Unfortunately, there is no tool that would help me extracting the payload, podman does have an export feature but it only works on containers not images, skopeo can copy but there is no export/extract feature available. The only option is to run the container, but there is no executable to run, it makes no sense to put libc/bash or whatever just to run "sleep". I could write a simple utility until we get something in podman or skopeo, in the meantime:

$ skopeo copy containers-storage:localhost/nb:latest dir:/tmp/test

$ for F in /tmp/test/*; do tar tvf $F 2>/dev/null; done
-r--r--r-- 0/0             459 2024-06-11 12:21 SHA256SUM
-r--r--r-- 0/0          949424 2024-06-11 12:21 BOOT
-r--r--r-- 0/0         3972416 2024-06-11 12:21 BOOTA
-r--r--r-- 0/0           42529 2024-06-11 12:21 BOOTL
-r--r--r-- 0/0         3972416 2024-06-11 12:21 grubx64.efi
-r--r--r-- 0/0           42529 2024-06-11 12:21 pxelinux.0
-r--r--r-- 0/0          949424 2024-06-11 12:21 shim.efi
-r--r--r-- 0/0       149397724 2024-06-11 12:00 initrd.img
-r--r--r-- 0/0        14966600 2024-06-11 11:59 vmlinuz
-r--r--r-- 0/0       618008576 2024-06-11 12:21 install.img

It appears that symlinks are dereferenced, I wonder if it will work if I'd put them in the same layer as link targets.

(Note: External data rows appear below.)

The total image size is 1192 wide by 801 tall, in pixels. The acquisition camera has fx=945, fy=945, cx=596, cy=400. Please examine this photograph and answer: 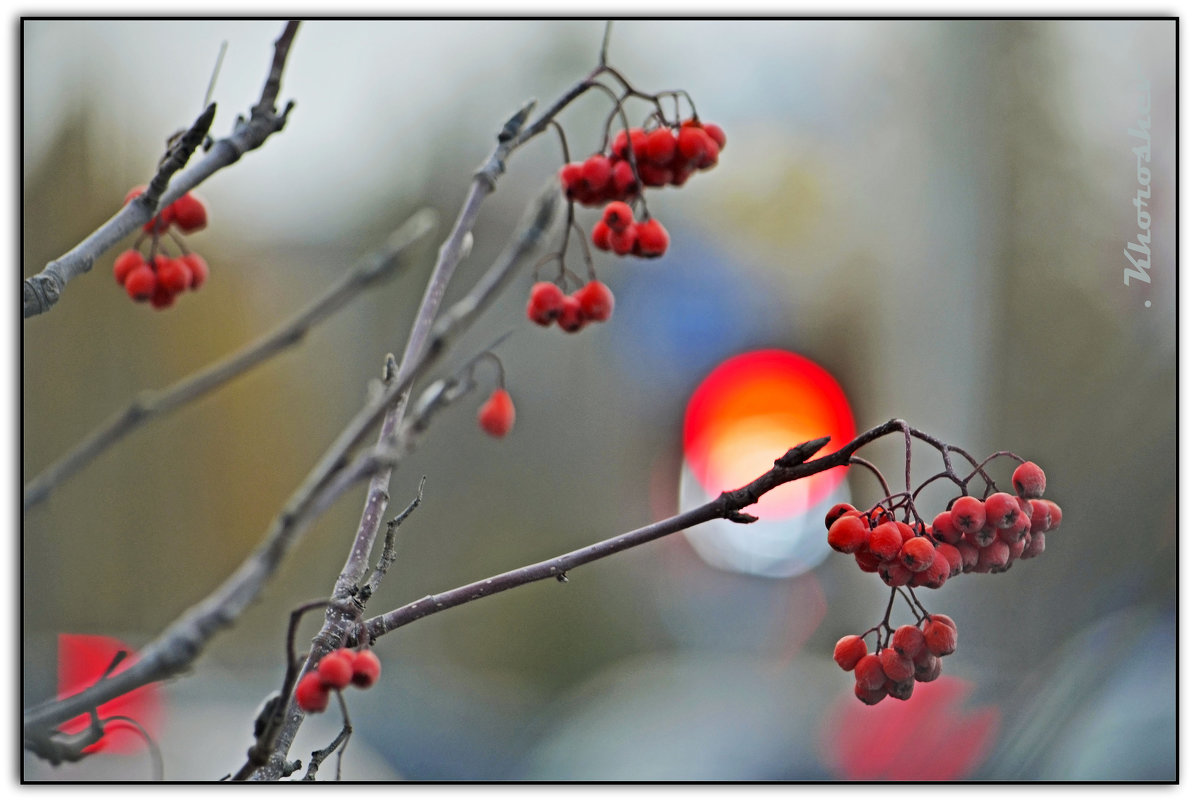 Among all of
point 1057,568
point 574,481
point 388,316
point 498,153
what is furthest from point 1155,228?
point 388,316

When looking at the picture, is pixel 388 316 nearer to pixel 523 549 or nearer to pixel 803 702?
pixel 523 549

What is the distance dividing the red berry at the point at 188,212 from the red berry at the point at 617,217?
28 cm

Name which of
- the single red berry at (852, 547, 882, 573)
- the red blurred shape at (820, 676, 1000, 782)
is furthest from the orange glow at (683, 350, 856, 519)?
the single red berry at (852, 547, 882, 573)

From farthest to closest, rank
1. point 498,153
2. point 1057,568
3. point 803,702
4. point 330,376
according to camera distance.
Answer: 1. point 330,376
2. point 803,702
3. point 1057,568
4. point 498,153

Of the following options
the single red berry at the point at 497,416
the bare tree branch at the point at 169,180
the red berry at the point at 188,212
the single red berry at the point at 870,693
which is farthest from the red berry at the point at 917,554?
the red berry at the point at 188,212

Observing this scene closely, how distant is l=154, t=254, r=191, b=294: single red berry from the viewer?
69cm

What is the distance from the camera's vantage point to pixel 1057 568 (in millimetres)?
1634

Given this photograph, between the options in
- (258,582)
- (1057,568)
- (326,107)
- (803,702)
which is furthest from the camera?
(803,702)

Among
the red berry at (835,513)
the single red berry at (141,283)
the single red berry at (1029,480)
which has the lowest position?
the red berry at (835,513)

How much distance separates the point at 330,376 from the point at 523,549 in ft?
1.78

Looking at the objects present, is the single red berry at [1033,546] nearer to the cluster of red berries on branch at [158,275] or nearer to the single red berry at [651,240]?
the single red berry at [651,240]

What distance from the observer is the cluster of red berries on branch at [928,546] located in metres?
0.47

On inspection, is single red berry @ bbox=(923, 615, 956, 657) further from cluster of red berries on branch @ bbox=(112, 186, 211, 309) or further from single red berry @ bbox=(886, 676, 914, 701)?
cluster of red berries on branch @ bbox=(112, 186, 211, 309)

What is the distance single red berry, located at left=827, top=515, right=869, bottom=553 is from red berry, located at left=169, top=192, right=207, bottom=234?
0.46 meters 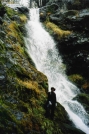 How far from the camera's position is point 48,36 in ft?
91.2

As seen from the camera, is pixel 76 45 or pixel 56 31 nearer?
pixel 76 45

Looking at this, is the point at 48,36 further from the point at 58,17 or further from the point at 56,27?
the point at 58,17

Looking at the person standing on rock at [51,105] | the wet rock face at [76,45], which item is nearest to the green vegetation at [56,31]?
the wet rock face at [76,45]

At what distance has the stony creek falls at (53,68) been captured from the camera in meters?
16.6

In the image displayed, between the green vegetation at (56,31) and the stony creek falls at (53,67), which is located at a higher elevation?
the green vegetation at (56,31)

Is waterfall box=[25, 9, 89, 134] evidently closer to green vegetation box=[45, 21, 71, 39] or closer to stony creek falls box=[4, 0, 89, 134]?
stony creek falls box=[4, 0, 89, 134]

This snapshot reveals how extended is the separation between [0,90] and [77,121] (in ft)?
19.9

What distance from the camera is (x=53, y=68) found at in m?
24.1

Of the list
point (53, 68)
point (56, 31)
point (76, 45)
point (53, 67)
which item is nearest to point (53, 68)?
point (53, 68)

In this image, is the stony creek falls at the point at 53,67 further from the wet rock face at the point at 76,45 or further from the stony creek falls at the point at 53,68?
the wet rock face at the point at 76,45

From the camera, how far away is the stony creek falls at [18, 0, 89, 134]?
16.6m

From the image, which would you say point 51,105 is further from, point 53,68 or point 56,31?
point 56,31

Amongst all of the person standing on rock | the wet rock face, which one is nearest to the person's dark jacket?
the person standing on rock

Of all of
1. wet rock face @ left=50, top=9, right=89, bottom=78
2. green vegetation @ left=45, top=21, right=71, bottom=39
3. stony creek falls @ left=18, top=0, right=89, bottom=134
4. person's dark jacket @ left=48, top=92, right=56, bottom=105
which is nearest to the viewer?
person's dark jacket @ left=48, top=92, right=56, bottom=105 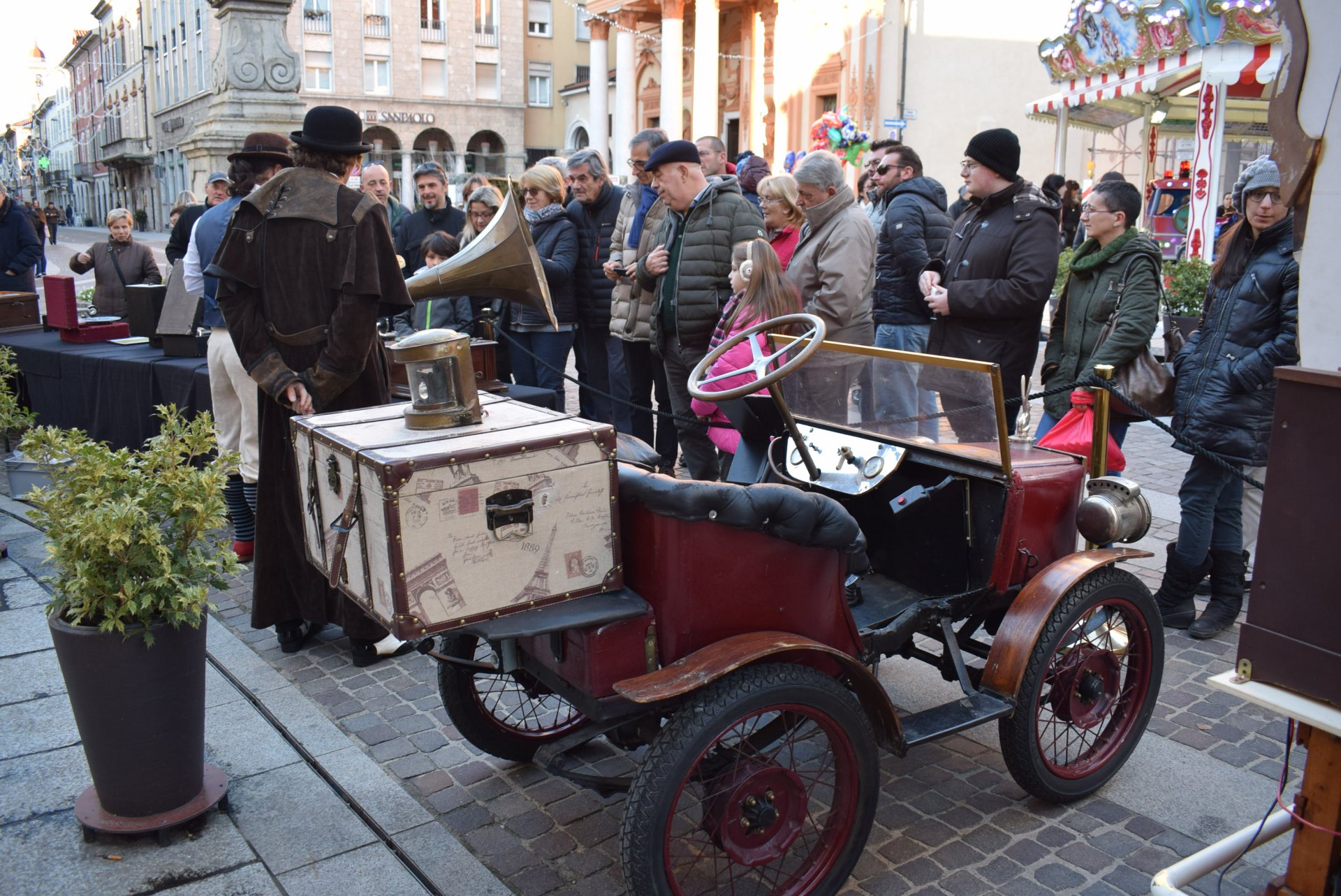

There is the mount command from podman, but it is quite clunky. Different commands for root and rootless mode:

$ podman unshare podman image mount --format json localhost/nb:latest
[
 {
  "id": "c387bff016ec53e5ab0e1904370d8f259d311341a6cc2ea44b8357a7455a4452",
  "Names": [
   "sha256:fda9b313c0d080174688b61e49e5c464bedb97e77b3ee3f04933c5dac24b48ff"
  ],
  "Repositories": [
   "localhost/nb:latest"
  ],
  "mountpoint": "/home/lzap/.local/share/containers/storage/overlay/44f81f95e966b6233f3d62897f1eee19e70c0e651a3f4dbee50ba923c9deb51d/merged"
 }
]

$ podman unshare find /home/lzap/.local/share/containers/storage/overlay/44f81f95e966b6233f3d62897f1eee19e70c0e651a3f4dbee50ba923c9deb51d/merged
/home/lzap/.local/share/containers/storage/overlay/44f81f95e966b6233f3d62897f1eee19e70c0e651a3f4dbee50ba923c9deb51d/merged
/home/lzap/.local/share/containers/storage/overlay/44f81f95e966b6233f3d62897f1eee19e70c0e651a3f4dbee50ba923c9deb51d/merged/SHA256SUM
/home/lzap/.local/share/containers/storage/overlay/44f81f95e966b6233f3d62897f1eee19e70c0e651a3f4dbee50ba923c9deb51d/merged/BOOTL
/home/lzap/.local/share/containers/storage/overlay/44f81f95e966b6233f3d62897f1eee19e70c0e651a3f4dbee50ba923c9deb51d/merged/BOOT
/home/lzap/.local/share/containers/storage/overlay/44f81f95e966b6233f3d62897f1eee19e70c0e651a3f4dbee50ba923c9deb51d/merged/BOOTA
/home/lzap/.local/share/containers/storage/overlay/44f81f95e966b6233f3d62897f1eee19e70c0e651a3f4dbee50ba923c9deb51d/merged/shim.efi
/home/lzap/.local/share/containers/storage/overlay/44f81f95e966b6233f3d62897f1eee19e70c0e651a3f4dbee50ba923c9deb51d/merged/grubx64.efi
/home/lzap/.local/share/containers/storage/overlay/44f81f95e966b6233f3d62897f1eee19e70c0e651a3f4dbee50ba923c9deb51d/merged/pxelinux.0
/home/lzap/.local/share/containers/storage/overlay/44f81f95e966b6233f3d62897f1eee19e70c0e651a3f4dbee50ba923c9deb51d/merged/install.img
/home/lzap/.local/share/containers/storage/overlay/44f81f95e966b6233f3d62897f1eee19e70c0e651a3f4dbee50ba923c9deb51d/merged/initrd.img
/home/lzap/.local/share/containers/storage/overlay/44f81f95e966b6233f3d62897f1eee19e70c0e651a3f4dbee50ba923c9deb51d/merged/vmlinuz

Anyways, this looks good, I mean it does the job. What you think?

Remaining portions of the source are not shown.